Mécanisme, limites et perspectives, le financement climatique au Sénégal a fait l’objet d’un débat riche, ce samedi à l’École Supérieure d’Économie Appliquée (ESEA). Organisée par la Cellule de recherche de l’ESEA en partenariat avec l’Association Action pour la Justice Environnementale (AJE), la Palabre Générale a réuni experts, étudiants et acteurs institutionnels autour du thème : la Finance climatique au Sénégal : enjeux et défis.
Juriste au Centre de Suivi Écologique (CSE), El Hadj Ballé Seye a dressé un tableau lucide des mécanismes actuels de financement.

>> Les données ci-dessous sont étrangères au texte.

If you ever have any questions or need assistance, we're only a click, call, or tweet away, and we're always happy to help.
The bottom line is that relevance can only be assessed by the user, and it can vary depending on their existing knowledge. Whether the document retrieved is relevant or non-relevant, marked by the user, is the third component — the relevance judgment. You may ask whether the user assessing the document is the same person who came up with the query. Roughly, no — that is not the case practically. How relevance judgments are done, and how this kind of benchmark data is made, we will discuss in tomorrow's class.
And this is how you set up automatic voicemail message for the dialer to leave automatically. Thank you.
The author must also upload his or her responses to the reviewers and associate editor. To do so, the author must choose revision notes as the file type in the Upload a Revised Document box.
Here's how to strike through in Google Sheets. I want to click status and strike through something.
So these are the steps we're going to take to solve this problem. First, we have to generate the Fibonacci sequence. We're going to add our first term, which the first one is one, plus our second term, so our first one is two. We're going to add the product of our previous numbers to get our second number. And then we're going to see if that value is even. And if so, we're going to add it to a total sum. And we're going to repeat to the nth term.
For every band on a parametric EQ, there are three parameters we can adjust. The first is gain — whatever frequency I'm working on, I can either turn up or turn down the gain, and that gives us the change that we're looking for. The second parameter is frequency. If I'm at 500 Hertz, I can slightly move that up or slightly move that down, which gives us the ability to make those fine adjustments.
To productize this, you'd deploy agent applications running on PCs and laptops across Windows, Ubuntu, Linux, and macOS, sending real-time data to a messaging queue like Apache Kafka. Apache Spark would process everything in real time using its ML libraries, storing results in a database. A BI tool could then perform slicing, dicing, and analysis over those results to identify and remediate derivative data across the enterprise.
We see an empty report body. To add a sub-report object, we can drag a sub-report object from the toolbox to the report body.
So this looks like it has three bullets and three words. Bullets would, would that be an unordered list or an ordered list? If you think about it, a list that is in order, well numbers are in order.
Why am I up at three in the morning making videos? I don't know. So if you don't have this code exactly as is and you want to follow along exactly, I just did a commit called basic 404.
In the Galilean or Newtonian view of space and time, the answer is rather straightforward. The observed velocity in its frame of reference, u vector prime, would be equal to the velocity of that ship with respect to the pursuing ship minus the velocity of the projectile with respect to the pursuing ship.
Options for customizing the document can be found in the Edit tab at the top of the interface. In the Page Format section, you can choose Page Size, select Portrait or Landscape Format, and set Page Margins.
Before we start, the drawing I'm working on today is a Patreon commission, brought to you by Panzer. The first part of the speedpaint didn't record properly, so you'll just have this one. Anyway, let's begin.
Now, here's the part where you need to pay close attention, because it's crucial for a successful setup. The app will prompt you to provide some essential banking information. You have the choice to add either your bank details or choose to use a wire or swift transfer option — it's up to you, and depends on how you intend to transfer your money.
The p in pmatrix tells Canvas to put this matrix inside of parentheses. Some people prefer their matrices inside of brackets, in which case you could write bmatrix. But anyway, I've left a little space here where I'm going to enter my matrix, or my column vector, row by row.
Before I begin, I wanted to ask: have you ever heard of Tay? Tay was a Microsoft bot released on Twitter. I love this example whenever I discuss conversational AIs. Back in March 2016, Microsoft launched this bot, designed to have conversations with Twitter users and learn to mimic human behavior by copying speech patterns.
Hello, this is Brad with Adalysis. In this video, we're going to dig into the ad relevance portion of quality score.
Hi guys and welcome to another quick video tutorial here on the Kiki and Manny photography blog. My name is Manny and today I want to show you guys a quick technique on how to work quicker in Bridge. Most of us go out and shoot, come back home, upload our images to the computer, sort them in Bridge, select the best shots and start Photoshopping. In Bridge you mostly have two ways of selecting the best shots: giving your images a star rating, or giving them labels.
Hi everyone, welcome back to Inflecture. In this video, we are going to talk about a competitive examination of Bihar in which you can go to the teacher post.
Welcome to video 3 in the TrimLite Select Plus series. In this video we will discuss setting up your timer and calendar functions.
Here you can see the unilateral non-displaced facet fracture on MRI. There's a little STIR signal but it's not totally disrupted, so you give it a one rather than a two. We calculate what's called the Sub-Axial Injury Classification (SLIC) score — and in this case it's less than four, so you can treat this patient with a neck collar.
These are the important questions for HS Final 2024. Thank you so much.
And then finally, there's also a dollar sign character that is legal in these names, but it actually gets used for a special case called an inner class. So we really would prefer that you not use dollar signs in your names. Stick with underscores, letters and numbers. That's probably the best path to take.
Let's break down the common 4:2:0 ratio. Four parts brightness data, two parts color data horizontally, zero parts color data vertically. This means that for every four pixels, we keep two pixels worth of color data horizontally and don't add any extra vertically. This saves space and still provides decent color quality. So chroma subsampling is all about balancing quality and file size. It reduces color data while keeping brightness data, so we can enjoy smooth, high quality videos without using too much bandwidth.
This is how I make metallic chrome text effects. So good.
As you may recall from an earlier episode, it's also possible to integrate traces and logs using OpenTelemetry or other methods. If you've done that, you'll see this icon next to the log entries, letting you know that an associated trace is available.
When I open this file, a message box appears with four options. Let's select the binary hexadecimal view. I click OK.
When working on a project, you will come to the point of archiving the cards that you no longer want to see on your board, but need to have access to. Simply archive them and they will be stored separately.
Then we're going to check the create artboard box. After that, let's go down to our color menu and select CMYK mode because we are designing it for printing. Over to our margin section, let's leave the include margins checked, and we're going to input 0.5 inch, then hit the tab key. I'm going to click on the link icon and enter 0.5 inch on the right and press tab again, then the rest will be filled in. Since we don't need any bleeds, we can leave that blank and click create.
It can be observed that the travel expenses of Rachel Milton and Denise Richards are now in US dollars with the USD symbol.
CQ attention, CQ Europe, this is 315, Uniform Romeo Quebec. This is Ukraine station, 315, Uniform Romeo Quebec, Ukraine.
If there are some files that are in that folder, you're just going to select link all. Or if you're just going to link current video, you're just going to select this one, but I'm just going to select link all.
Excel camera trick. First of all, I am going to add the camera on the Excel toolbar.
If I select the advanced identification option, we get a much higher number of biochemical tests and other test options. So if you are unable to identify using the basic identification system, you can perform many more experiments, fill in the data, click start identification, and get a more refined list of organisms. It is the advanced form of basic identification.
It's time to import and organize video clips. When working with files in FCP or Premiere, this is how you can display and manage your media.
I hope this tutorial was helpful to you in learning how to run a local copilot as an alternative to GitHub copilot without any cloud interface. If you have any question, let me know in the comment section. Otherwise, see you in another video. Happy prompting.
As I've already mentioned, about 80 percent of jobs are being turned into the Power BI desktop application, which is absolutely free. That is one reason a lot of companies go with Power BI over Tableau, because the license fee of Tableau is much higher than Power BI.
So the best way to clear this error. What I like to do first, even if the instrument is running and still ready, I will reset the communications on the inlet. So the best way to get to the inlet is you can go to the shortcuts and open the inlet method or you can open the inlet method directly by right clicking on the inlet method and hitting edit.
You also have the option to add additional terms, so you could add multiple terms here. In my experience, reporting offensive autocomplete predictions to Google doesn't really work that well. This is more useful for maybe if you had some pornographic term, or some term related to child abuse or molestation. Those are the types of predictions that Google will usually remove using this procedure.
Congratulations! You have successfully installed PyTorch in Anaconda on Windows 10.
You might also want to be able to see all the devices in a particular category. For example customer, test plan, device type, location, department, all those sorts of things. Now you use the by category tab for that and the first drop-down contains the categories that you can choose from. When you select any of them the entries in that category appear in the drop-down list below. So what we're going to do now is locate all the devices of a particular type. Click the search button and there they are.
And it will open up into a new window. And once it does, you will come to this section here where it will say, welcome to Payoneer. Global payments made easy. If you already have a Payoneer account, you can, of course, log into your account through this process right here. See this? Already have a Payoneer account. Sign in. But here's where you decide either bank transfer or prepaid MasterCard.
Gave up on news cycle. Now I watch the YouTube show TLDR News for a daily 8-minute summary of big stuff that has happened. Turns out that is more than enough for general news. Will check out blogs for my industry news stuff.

Selon lui, si des sources existent bel et bien -tant au niveau domestique (budgets publics, Fonds national pour le climat, PPP) qu’international (Fonds vert pour le climat, Fonds d’adaptation, etc.)- leur mobilisation reste très limitée. « Ce sont des sources de financement qui sont très peu mobilisées », déplore-t-il.
La faute, en grande partie, à des procédures longues et complexes, parfois étalées sur deux ans, qui impliquent des études de faisabilité, des exigences de double diligence et des capacités techniques pointues pour soumettre des projets dits « bancables ». Résultat, de nombreux projets échouent à franchir la ligne d’approbation.
2,4 milliards investis, 27 ouvrages inopérants
L’exemple livré par Ballé Seye est assez évocateur et pour le moins alarmant. Dans la région de Fatick, le CSE a recensé 27 ouvrages anti-sel et retenues d’eau devenus inopérants, pour un coût total de 2,4 milliards de francs CFA. Une illustration de ce qu’il qualifie de « maladaptation ». Des infrastructures mises en place sans études préalables rigoureuses, ni réelle intégration des réalités locales. « C’est de l’argent lancé par les fenêtres », fustige-t-il.
Autre point central évoqué par l’expert, la différence entre projets de développement et projets d’adaptation. « On ne vous demande pas simplement de réaliser une activité, mais de réduire concrètement la vulnérabilité des populations et des écosystèmes », rappelle El Hadj Ballé Seye, qui a insisté sur l’évaluation rigoureuse des impacts environnementaux et sociaux. Il appelle à renforcer les capacités nationales en rédaction de projets, un préalable indispensable pour accéder aux financements.
Le rôle négligé des collectivités territoriales
Cheikh Fall, chargé de projet chez ENDA Énergie, a axé son intervention sur la faible implication des collectivités territoriales dans la gouvernance climatique. Pourtant, ce sont elles qui concentrent une multitude d’enjeux : gestion des déchets, transport, agriculture et surtout élevage -ce dernier étant la première source d’émissions de gaz à effet de serre au Sénégal, selon lui, à cause de la fermentation entérique des ruminants, c'est-à-dire le méthane (CH4) produit par leur digestion et rétrécissement des zones de pâturage.
Faiblement outillées et dépourvues d’ingénierie financière, les collectivités locales peinent à capter les financements disponibles. Cheikh Fall plaide pour un accompagnement adapté : « Il faut associer adaptation climatique et bénéfices économiques directs pour les populations locales ».
Les deux intervenants de ce panel s’accordent sur la nécessité de réformes institutionnelles pour améliorer la coordination, renforcer la lisibilité des interventions et intégrer durablement les acteurs locaux. Le secteur privé est également interpellé. « Il est largement absent des actions d’adaptation, alors qu’il a un rôle clé à jouer », soutient El Hadj Ballé Seye.
Au cœur du plaidoyer, l’appel à une vision politique forte, qui dépasse les projets isolés pour s’inscrire dans une stratégie nationale inclusive et cohérente. « Il faut créer un environnement politique favorable et capitaliser sur les acquis, au lieu de multiplier les interventions sans synergie », conclut-il.
Visiblement satisfait de l’organisation de ce « Palabre », le directeur de l’ESEA a indiqué que cette initiative s’inscrit dans une longue tradition de l’institut. « L’objectif, c’est de partager les fruits de nos travaux de recherche en invitant le monde socio-économique pour qu’ils viennent jeter un regard par rapport à ce qui se fait au sein de notre institution », dit-il en ajoutant que d’autres rendez-vous de cette nature auront lieu dans les mois à venir.